Since the November election of Donald Trump, the question “How did we get here?” has bounced around the internet and through print media. Despite the emerging genre of “this writer predicted Trump,” there is no single answer, no one text or prescient writer, there is no single book that predicted Trump’s election or the anger and disillusionment of those who voted for him. Instead, there is a range of potential answers, of histories and experiences from which to draw, often broad and conflicted. Collected below is a somewhat arbitrary collection of books and essays that attempt to provide a bit of critical understanding of how we got here. It also includes books that demand a critical assessment of American culture, asking questions with impossible answers.
Though this list might be exhausting, it’s not exhaustive. It’s primarily focused on work produced post-war—there are no Founding Fathers on this list—and includes a range of genres, including poetry and the visual arts. The division into two parts is an easy way to sort genres (non-fiction from literary non-fiction or fiction) but the same themes run through the entire list. Unlike syllabi and reading lists published elsewhere, this list is neither academic nor focused on a singular topic (If you’re interested in academic syllabi, check out Marcia Chatelain’s Ferguson Syllabus or Public Books’ Trump Syllabus 2.0; for readings on resistance, see The New Inquiry’s “A Time for Treason”). Instead, it’s a loose, two-part collection of history, critical essays, novels, memoirs and works of art that hopefully navigate to a better understanding of nationalism and the lives lived within that constrictive ideology. There are some familiar—and perhaps obvious—selections here, but hopefully some lesser known work as well.
Throughout the next few months, we’ll be interviewing some of the writers on this list or academics who specialize on pertinent writers whose work has outlived them. Please share your suggestions in the comments.

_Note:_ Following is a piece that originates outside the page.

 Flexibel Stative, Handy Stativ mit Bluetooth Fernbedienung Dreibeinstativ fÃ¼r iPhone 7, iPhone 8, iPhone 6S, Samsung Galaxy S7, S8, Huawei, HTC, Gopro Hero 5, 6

“Vulnerability, understood as a deliberate exposure to power, is part of the very meaning of political resistance as an embodied enactment,” Judith Butler said in a 2014 lecture. For all of the talk about the shunned and angry blue collar white voter who swept Trump into office, the issue of vulnerability—physical and political—has been lost in nearly every post-election rundown. This section attempts to historicize that vulnerability, particular the purposeful creation and continued maintenance of politically vulnerable populations in the rhetorics of nationalism and fascism. It moves from some landmark reading on the fundamentals of nationalism, including Adorno and Ardent, particularly as it manifested in mid-century Europe to some landmark texts on American history.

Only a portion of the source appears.